# Instructions to follow
From the data below, retype exactly the lines starting with the one that contains "Defense Secretary Pete" and ending with the one that contains "Experience unparalleled luxury", both included.

# Short descriptive text snippets
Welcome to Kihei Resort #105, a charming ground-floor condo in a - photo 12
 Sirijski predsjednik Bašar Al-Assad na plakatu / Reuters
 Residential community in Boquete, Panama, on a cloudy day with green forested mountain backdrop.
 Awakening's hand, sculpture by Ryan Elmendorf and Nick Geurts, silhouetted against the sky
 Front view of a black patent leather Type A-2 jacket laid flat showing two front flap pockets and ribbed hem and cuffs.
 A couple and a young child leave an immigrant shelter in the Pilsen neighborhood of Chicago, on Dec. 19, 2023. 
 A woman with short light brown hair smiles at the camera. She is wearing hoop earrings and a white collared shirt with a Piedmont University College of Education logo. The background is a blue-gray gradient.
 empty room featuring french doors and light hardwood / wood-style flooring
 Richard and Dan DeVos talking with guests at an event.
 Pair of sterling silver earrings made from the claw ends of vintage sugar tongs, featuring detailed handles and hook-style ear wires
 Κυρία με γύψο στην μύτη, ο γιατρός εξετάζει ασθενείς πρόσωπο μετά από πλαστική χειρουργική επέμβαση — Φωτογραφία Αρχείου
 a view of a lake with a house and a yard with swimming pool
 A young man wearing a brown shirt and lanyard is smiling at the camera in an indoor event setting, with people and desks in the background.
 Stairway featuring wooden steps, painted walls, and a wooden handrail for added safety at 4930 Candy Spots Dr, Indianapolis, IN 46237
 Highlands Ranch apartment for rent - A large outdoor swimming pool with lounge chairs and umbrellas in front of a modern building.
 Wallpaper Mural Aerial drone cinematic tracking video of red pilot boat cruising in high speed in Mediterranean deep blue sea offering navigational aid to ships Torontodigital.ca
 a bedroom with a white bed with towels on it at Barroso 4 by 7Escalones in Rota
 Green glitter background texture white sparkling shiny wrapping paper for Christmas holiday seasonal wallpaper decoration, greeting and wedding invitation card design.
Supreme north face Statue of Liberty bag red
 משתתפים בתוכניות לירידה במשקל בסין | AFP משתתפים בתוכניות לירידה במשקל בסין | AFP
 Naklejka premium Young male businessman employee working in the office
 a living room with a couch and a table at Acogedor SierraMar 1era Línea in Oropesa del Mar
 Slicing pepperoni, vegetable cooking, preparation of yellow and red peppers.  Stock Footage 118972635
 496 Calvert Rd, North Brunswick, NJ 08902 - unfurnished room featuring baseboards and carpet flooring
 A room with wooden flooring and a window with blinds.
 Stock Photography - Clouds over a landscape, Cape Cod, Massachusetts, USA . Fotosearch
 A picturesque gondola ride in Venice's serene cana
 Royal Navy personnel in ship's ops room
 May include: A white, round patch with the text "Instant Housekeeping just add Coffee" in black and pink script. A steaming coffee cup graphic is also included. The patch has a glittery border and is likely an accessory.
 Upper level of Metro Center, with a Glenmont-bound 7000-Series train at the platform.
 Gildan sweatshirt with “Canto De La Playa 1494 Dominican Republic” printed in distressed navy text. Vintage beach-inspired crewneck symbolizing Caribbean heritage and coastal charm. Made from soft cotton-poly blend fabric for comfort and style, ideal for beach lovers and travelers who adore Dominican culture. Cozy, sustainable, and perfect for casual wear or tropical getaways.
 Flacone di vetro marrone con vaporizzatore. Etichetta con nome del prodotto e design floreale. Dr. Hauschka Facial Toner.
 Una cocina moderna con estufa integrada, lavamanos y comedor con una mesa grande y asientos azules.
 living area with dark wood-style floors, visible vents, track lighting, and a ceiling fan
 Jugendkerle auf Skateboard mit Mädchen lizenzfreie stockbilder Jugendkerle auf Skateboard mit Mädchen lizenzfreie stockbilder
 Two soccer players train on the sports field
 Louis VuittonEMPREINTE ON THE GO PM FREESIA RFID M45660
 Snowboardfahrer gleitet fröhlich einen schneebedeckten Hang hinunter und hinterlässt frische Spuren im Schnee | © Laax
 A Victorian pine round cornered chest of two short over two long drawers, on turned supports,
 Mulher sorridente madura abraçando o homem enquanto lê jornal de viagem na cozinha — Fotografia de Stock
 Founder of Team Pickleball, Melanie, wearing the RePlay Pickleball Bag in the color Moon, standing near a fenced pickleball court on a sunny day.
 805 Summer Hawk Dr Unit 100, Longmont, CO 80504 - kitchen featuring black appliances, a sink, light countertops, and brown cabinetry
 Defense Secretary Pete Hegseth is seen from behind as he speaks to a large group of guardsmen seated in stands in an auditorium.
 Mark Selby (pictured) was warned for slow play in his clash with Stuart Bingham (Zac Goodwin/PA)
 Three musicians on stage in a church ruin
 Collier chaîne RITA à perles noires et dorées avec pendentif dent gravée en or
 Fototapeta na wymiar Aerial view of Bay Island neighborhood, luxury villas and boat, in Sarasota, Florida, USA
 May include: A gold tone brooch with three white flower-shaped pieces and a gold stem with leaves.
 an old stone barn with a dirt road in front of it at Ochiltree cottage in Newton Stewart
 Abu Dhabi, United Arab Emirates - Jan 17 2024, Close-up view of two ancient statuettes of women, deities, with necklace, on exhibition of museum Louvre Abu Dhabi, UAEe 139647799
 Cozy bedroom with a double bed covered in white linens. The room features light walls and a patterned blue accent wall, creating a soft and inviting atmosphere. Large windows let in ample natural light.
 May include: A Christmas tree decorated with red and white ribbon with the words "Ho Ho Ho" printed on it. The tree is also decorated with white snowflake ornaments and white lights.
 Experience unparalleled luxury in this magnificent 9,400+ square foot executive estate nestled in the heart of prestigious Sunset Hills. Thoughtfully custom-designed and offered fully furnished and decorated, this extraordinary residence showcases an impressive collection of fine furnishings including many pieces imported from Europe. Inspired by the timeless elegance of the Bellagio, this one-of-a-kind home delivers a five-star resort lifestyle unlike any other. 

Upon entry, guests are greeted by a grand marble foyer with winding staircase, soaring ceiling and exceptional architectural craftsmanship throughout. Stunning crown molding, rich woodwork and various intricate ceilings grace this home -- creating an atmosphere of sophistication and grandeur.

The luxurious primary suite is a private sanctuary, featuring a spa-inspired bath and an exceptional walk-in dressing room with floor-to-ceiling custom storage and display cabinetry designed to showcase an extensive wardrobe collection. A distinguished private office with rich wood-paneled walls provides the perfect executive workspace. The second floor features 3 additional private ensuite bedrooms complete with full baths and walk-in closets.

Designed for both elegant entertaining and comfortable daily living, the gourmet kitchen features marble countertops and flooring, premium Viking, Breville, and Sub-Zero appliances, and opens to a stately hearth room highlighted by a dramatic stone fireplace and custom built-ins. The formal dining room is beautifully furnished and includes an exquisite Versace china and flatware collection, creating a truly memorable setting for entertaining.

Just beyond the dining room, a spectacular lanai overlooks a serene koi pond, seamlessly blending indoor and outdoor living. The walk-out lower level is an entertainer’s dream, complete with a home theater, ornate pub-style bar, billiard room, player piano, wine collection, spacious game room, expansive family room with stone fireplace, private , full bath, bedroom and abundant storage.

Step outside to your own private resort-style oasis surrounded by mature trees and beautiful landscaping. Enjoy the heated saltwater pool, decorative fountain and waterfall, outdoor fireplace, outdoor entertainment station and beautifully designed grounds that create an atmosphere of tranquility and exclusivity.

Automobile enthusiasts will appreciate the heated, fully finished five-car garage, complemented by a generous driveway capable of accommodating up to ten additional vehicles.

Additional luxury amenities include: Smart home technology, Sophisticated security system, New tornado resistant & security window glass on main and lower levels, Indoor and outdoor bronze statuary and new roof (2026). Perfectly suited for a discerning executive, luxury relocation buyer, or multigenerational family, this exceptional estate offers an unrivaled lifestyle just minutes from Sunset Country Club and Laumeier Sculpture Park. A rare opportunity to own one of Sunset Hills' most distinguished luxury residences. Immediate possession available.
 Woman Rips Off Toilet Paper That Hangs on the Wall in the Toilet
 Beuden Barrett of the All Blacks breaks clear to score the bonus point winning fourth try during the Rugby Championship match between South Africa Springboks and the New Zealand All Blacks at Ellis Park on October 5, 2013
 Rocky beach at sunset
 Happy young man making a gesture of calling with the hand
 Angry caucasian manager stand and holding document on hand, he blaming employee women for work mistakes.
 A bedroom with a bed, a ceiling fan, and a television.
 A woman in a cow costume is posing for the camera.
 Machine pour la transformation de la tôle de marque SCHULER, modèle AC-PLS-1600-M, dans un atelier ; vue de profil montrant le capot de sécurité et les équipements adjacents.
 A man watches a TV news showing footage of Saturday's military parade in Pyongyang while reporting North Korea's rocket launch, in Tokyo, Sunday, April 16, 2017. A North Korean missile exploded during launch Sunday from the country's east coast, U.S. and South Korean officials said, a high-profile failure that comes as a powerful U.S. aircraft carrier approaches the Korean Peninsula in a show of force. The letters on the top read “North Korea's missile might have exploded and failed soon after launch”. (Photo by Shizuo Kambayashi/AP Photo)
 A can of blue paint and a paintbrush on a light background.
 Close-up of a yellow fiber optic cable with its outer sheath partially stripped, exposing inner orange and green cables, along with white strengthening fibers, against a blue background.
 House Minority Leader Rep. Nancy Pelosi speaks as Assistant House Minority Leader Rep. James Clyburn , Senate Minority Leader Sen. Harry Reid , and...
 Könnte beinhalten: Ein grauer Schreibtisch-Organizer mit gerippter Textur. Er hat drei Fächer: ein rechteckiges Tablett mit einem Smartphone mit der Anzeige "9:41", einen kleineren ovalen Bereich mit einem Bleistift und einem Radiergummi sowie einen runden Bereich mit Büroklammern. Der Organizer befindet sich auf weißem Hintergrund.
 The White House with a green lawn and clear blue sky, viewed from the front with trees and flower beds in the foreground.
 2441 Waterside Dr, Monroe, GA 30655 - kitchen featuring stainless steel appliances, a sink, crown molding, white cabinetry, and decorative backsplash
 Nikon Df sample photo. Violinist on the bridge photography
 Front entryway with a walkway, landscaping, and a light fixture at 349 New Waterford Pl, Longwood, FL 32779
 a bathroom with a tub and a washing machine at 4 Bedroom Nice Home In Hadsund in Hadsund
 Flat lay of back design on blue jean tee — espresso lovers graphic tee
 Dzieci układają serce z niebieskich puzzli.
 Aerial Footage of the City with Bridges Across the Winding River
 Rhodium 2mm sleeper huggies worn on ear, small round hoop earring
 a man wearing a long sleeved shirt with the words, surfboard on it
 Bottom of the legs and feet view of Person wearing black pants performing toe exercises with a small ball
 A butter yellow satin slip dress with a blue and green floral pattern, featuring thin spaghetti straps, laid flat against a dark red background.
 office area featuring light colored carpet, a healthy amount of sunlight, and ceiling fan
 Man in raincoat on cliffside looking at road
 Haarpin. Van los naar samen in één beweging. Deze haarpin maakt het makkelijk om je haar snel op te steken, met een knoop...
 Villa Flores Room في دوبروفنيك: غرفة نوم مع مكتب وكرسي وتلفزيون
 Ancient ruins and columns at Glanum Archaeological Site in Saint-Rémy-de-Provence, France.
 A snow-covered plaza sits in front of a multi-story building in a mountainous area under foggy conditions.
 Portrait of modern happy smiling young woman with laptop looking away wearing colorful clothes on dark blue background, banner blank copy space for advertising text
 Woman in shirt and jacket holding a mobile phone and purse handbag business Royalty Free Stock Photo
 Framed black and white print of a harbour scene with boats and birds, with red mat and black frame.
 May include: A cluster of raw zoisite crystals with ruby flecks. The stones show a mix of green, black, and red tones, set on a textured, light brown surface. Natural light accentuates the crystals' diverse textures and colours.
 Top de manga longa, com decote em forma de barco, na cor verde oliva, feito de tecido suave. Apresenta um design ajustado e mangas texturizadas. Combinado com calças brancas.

# Answer to the problem
 Defense Secretary Pete Hegseth is seen from behind as he speaks to a large group of guardsmen seated in stands in an auditorium.
 Mark Selby (pictured) was warned for slow play in his clash with Stuart Bingham (Zac Goodwin/PA)
 Three musicians on stage in a church ruin
 Collier chaîne RITA à perles noires et dorées avec pendentif dent gravée en or
 Fototapeta na wymiar Aerial view of Bay Island neighborhood, luxury villas and boat, in Sarasota, Florida, USA
 May include: A gold tone brooch with three white flower-shaped pieces and a gold stem with leaves.
 an old stone barn with a dirt road in front of it at Ochiltree cottage in Newton Stewart
 Abu Dhabi, United Arab Emirates - Jan 17 2024, Close-up view of two ancient statuettes of women, deities, with necklace, on exhibition of museum Louvre Abu Dhabi, UAEe 139647799
 Cozy bedroom with a double bed covered in white linens. The room features light walls and a patterned blue accent wall, creating a soft and inviting atmosphere. Large windows let in ample natural light.
 May include: A Christmas tree decorated with red and white ribbon with the words "Ho Ho Ho" printed on it. The tree is also decorated with white snowflake ornaments and white lights.
 Experience unparalleled luxury in this magnificent 9,400+ square foot executive estate nestled in the heart of prestigious Sunset Hills. Thoughtfully custom-designed and offered fully furnished and decorated, this extraordinary residence showcases an impressive collection of fine furnishings including many pieces imported from Europe. Inspired by the timeless elegance of the Bellagio, this one-of-a-kind home delivers a five-star resort lifestyle unlike any other. 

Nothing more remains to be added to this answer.